Task details:
Copy out each line of the data below in which the string "cour" appears.

Data records:
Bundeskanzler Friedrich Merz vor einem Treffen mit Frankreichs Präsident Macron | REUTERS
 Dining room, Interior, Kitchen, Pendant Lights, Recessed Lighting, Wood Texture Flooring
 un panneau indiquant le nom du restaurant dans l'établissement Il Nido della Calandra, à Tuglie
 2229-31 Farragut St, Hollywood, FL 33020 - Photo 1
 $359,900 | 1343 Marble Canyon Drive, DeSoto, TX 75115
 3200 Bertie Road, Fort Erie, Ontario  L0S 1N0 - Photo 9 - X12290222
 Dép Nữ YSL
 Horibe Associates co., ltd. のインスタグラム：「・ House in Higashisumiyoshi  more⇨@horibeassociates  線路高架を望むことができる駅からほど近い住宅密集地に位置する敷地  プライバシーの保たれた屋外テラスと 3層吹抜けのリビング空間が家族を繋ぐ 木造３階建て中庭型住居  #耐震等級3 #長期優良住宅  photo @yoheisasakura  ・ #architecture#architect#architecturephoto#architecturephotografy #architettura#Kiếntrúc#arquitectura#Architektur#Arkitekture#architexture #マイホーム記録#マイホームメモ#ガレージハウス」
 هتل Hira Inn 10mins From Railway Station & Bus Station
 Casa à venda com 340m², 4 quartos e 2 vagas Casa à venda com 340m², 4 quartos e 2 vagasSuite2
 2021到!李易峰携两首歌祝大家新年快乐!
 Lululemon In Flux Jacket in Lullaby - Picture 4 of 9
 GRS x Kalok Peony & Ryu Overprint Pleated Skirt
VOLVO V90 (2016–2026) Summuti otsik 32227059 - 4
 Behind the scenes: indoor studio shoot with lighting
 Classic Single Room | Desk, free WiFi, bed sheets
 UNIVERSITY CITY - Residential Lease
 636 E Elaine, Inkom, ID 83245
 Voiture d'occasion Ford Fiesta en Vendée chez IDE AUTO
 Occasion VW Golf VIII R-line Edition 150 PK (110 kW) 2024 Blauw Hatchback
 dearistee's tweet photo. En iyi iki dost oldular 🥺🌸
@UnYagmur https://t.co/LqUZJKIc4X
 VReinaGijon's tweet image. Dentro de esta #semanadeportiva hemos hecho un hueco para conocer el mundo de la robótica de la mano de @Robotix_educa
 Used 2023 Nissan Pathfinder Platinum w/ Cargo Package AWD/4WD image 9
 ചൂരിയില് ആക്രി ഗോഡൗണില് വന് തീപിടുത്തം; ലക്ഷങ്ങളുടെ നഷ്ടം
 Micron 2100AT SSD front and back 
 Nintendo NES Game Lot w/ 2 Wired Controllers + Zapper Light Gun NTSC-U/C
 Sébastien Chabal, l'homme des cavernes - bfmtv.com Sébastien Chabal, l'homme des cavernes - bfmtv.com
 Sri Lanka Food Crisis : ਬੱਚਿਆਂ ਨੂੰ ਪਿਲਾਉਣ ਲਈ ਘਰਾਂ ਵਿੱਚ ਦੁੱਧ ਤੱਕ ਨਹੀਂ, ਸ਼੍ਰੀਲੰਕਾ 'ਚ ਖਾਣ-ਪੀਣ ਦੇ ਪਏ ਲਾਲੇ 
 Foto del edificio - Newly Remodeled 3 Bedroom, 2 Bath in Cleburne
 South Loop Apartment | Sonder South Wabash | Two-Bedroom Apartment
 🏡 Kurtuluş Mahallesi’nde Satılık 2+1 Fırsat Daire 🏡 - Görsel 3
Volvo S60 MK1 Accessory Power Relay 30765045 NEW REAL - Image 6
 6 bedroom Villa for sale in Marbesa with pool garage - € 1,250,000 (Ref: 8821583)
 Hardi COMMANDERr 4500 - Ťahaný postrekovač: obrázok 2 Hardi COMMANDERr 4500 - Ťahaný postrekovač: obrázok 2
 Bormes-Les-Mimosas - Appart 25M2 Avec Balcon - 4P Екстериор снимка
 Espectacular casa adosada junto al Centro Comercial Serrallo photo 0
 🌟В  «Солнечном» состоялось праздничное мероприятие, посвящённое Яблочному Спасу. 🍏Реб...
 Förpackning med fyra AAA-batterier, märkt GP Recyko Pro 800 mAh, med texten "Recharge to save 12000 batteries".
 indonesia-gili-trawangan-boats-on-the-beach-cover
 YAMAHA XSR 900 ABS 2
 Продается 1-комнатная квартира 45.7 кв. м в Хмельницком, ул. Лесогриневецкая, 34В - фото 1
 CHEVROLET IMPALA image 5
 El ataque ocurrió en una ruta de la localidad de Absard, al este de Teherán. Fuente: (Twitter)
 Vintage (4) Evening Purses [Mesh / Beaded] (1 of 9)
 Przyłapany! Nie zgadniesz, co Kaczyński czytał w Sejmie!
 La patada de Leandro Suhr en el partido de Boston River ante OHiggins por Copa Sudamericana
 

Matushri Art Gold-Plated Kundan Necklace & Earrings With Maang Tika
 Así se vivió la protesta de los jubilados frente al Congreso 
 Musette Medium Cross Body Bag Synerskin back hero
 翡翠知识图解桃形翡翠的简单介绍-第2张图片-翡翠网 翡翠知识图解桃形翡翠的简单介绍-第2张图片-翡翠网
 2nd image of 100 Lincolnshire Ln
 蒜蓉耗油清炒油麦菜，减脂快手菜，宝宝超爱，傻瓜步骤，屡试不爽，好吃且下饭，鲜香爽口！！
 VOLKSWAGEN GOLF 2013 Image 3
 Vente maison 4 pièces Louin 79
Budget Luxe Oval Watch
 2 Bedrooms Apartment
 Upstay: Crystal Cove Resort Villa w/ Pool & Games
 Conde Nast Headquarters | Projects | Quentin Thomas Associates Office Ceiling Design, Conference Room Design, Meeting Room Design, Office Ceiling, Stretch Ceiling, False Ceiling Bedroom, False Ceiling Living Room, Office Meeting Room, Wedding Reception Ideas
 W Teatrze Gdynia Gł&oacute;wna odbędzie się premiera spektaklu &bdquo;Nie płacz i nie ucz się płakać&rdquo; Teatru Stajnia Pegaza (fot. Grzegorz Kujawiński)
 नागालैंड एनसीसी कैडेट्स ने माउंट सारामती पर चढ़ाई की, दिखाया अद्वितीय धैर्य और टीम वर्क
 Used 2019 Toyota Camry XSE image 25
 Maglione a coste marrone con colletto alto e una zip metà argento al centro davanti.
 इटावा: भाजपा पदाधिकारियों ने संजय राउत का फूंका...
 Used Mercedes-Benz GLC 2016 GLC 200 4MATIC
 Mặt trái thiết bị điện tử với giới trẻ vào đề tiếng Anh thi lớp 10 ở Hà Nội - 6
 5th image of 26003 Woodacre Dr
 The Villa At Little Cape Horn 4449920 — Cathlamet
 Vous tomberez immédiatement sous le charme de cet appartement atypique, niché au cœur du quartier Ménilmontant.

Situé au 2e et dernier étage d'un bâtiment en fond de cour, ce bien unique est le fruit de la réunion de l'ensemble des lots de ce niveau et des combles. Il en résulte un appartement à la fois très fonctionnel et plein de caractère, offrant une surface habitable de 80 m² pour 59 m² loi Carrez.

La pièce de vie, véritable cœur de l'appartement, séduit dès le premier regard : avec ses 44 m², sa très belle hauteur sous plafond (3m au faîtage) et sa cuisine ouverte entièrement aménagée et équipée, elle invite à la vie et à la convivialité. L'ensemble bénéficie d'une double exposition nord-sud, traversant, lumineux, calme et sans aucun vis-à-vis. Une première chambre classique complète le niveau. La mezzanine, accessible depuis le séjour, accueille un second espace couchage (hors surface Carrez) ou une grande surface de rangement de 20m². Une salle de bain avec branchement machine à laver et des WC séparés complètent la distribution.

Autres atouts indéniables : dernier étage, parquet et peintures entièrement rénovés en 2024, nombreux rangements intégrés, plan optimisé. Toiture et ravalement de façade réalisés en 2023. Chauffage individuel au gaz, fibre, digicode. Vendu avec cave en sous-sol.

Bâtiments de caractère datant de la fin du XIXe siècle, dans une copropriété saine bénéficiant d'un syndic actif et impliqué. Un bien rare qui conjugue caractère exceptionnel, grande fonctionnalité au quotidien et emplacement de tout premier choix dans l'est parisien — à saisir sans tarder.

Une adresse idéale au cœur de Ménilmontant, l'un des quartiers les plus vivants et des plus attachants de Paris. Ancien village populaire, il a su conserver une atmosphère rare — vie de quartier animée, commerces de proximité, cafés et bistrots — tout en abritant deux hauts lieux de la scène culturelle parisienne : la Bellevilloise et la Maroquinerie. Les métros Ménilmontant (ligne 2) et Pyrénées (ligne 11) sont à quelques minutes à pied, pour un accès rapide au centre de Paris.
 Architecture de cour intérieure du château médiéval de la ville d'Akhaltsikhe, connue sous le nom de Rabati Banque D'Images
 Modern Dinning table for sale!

Exercise output:
Situé au 2e et dernier étage d'un bâtiment en fond de cour, ce bien unique est le fruit de la réunion de l'ensemble des lots de ce niveau et des combles. Il en résulte un appartement à la fois très fonctionnel et plein de caractère, offrant une surface habitable de 80 m² pour 59 m² loi Carrez.
 Architecture de cour intérieure du château médiéval de la ville d'Akhaltsikhe, connue sous le nom de Rabati Banque D'Images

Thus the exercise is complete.